Knowledge is a Burden

I often wish I was as ignorant as many of the people I see, particularly on social media. You’d think I’d be used to it now, the frequently jaw-dropping stupidity of otherwise intelligent human beings, but it never fails to throw me for a loop when it gets thrown in my face.

As I write this, the town of Madison, WI is reeling from a school shooting. Three people died, including one teacher. Several wounded, a couple of them seriously. The shooter is among the dead; she took her own life.

Yeah. “Her.” The shooter was a 15-year-old girl. It’s extremely rare for a “mass shooter” to be female. That, along with the fact the shooting occurred at a private Christian school, raises all sorts of questions we don’t usually see raised at times like this.

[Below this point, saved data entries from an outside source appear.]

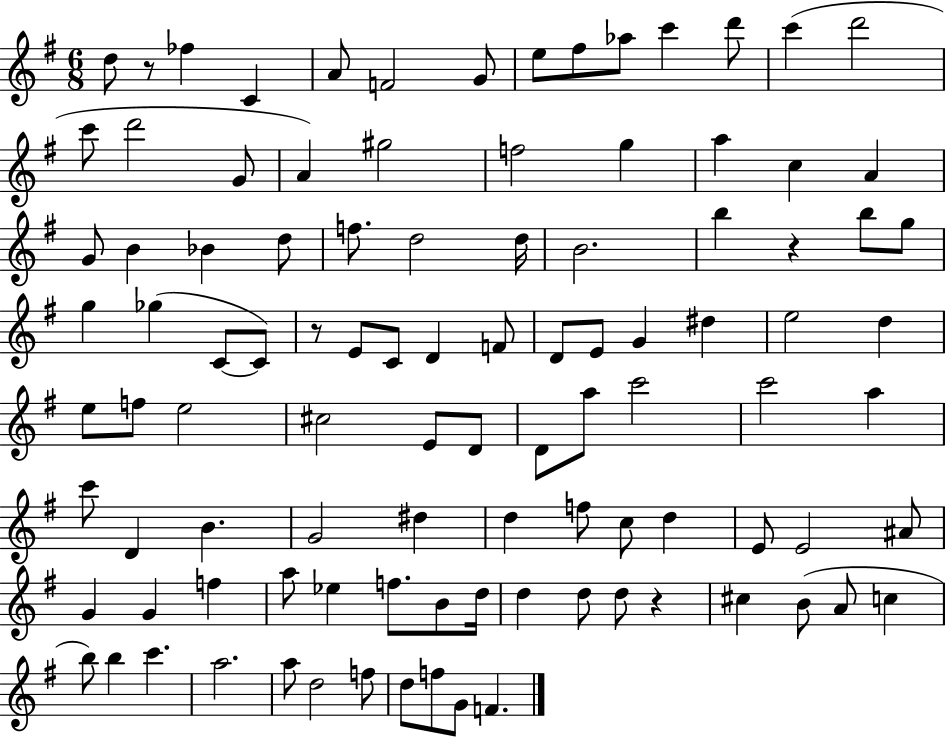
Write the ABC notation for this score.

X:1
T:Untitled
M:6/8
L:1/4
K:G
d/2 z/2 _f C A/2 F2 G/2 e/2 ^f/2 _a/2 c' d'/2 c' d'2 c'/2 d'2 G/2 A ^g2 f2 g a c A G/2 B _B d/2 f/2 d2 d/4 B2 b z b/2 g/2 g _g C/2 C/2 z/2 E/2 C/2 D F/2 D/2 E/2 G ^d e2 d e/2 f/2 e2 ^c2 E/2 D/2 D/2 a/2 c'2 c'2 a c'/2 D B G2 ^d d f/2 c/2 d E/2 E2 ^A/2 G G f a/2 _e f/2 B/2 d/4 d d/2 d/2 z ^c B/2 A/2 c b/2 b c' a2 a/2 d2 f/2 d/2 f/2 G/2 F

Never mind that, though. Ignore the motive (which we don’t know yet), or any of the actual circumstances. No, because a firearm was involved, it’s automatically the fault of the NRA and the Republican Party; the blood on is on their hands, not the shooter’s. It can’t be the shooter’s fault – there was a gun!

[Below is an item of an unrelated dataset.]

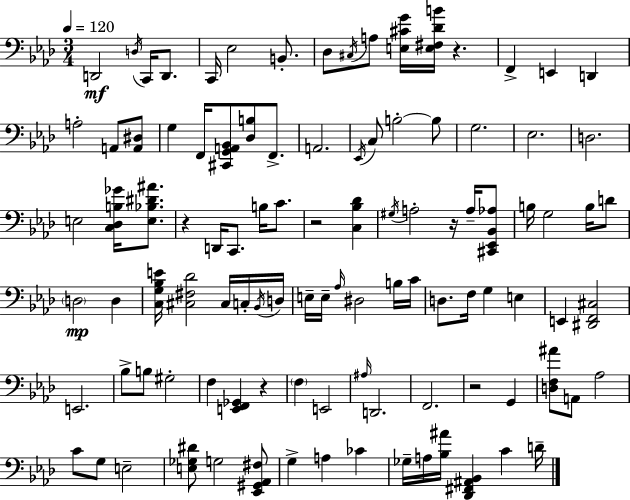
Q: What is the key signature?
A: F minor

It doesn’t matter what drove this girl to murder and suicide. Where the gun came from, how she got it: immaterial. That we’re not allowed to take even the most basic steps to protect our schools: not relevant. Gun = NRA/GOP culpability. It’s automatic. A given. As C follows B follows A. Not her fault, the gun made her do it.

Obviously, we should all turn in our guns and rely on the police to protect us. They can do it, they’re only minutes away at any given time, we just need to call them when we’re being robbed and our lives threatened. No problem, I’m sure the bad guy will let us call, and wait for the cops to show up before blowing our brains out.

And government single-payer health insurance will make all our healthcare problems go away, too, and everything will be bright and sunny, with rainbows and unicorns.

Life would be so much easier if I were capable of such Pollyanna thinking. But I can’t, I know too much.

Knowledge is a burden.

Critical thinking is a lost art.

That lobotomy is looking a lot more attractive, all the time…

Uncle John
  • Uncle John
  • Uncle John is the black-sheep relative your family doesn't want to admit to. He's a writer, old fart, anti-extremist, dyed-in-the-wool cynic, sci-fi nerd, and practicing to be a curmudgeon. More vegan than carnivore, but very much a Constitutional "originalist"; a walking, talking contradiction in terms, and a straight, no-holds-barred talker, who will tell it like it is with no apologies. Pacific Northwest native, married for many, many years to a woman he doesn't deserve, with no kids that will acknowledge them - except for the cat, who is merely tolerant.

One Comment

  • Largely agree. I’m sensing a little optimism in your post that *eventually* we, the people, will have the knowledge we need to assess what happened, how to avoid it and vote accordingly. I don’t share that optimism. I do, 100%, share the disgust at the politicization of tragedies that has become status quo.

    Every time this happens, I have two immediate grievances:
    1. Everyone, but everyone, has analyzed the situation and reached a conclusion about the causes (and non-causes) of the incident before the authorities have even spoken to the press, let alone learned anything.
    2. Politicians, lobbyists and the media have been preparing their reaction for years and reinforce it in the way they report the story.

    The truth is, if you’re not close to the criminal or judicial processing of the matter you’re not only un/minimally informed, but you will NEVER be as informed as the people who make the decisions. Even those people probably won’t make the right ones for the right reasons to my mind. And you are getting nothing but garbage by watching social OR mainstream media. The only thing you’ll learn are the bare facts about what happened: names, dates, etc. The “information age” is a joke.